Harayama knows Europe well, having graduated with a mathematics degree from the University of Besançon in France, and a PhD in educational sciences and economics from the University of Geneva. In 2011, she was awarded a Chevalier de la Légion d’Honneur – one of five top distinctions awarded by the French state.
In the previous two years, Japan’s government had been keenly exploring the option of associate membership to the EU’s big €94.1 billion R&D programme, Horizon Europe, scheduled to begin next year. The Commission, for its part, wants to boost collaboration with wealthy countries, as a way to strengthen European competitiveness in science and technology. The normally laborious process to bring Japan and other non-EU countries into the programme has yet to happen. With countries still desperately firefighting the COVID-19 blaze, negotiations look unlikely to begin any time soon.
Without a formal agreement, Japan and EU will still find it possible to collaborate in simpler ways – for instance, jointly planning calls for research proposals on specific topics.

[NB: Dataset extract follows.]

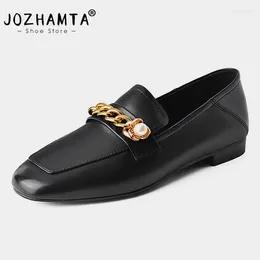 Casual Shoes JOZHAMTA Size 34-40 Women Flats Real Leather Fashion Chain Spring For Woman Loafers Office Lady Footwear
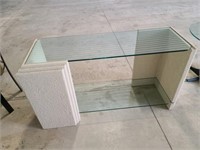 Glass double Shelf Sofa Table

Harayama doesn’t know when either side will get round to talks, but says, “We need to advance. We can’t be isolated. It’s impossible to resolve the situation ourselves because the problem is so global.”
Research response
Harayama says she is impressed with the quick adjustment of RIKEN staff. “There was no complaining, they were happy to contribute solutions.”
RIKEN researchers are looking at potential therapeutic agents to treat the disease and have published data on the proteins associated with the novel coronavirus. A note on RIKEN’s website from the institute’s president, Hiroshi Matsumoto, says its researchers “will rise to meet [the coronavirus] test and contribute to overcoming the crisis.”
The institute’s new ‘Fugaku’ supercomputer, currently being installed in Kobe, already has capacity to do some data crunching, and will be giving priority to COVID-19 research. Fugaku is the successor to RIKEN’s K supercomputer, which was the fastest in the world in 2011.
Along with re-allocating some funding, the institute also has a discretionary spending pot for new COVID-19-related projects. The government may yet decide to shift more research money into COVID-19 too, Harayama believes. Back in February, the country launched a funding competition for researchers to chase six ambitious ‘moonshot’ goals by 2050, including the development of an artificial intelligence robot. The programme, worth 100 billion yen (€830 million) in total, may re-allocate some of its funding to defeating the virus, Harayama said.
Defending basic science
In Europe, COVID-19 has placed a spotlight on the usefulness of fundamental, long-shot research during a global crisis.
The scrutiny follows a very public resignation memo fired off by the head of the European Research Council, the EU’s premier science funder, last month. The scientist in question, Mauro Ferrari, accused the funder – and the EU in general – of lacking purpose and urgency in its research response to the emergency.
It hasn’t been like that in Japan, says Harayama. “For the moment we don’t have any specific pressure coming from politicians, but they are saying we put a lot of money into [basic sciences], and you should help solve immediate problems [of COVID-19],” she says.
Defenders of unguided research point to how it has produced many unexpected discoveries through time. RIKEN funding in the past has led to the discovery of nihonium, the 113th element on the periodic table.
Harayama says there is a normal amount of pressure and expectation from politicians and the public on RIKEN always.
“[Of course] we will need to defend, not just gain our budget, and justify the value of our science. We need to have a frontline on every domain to show we are doing something good,” she said.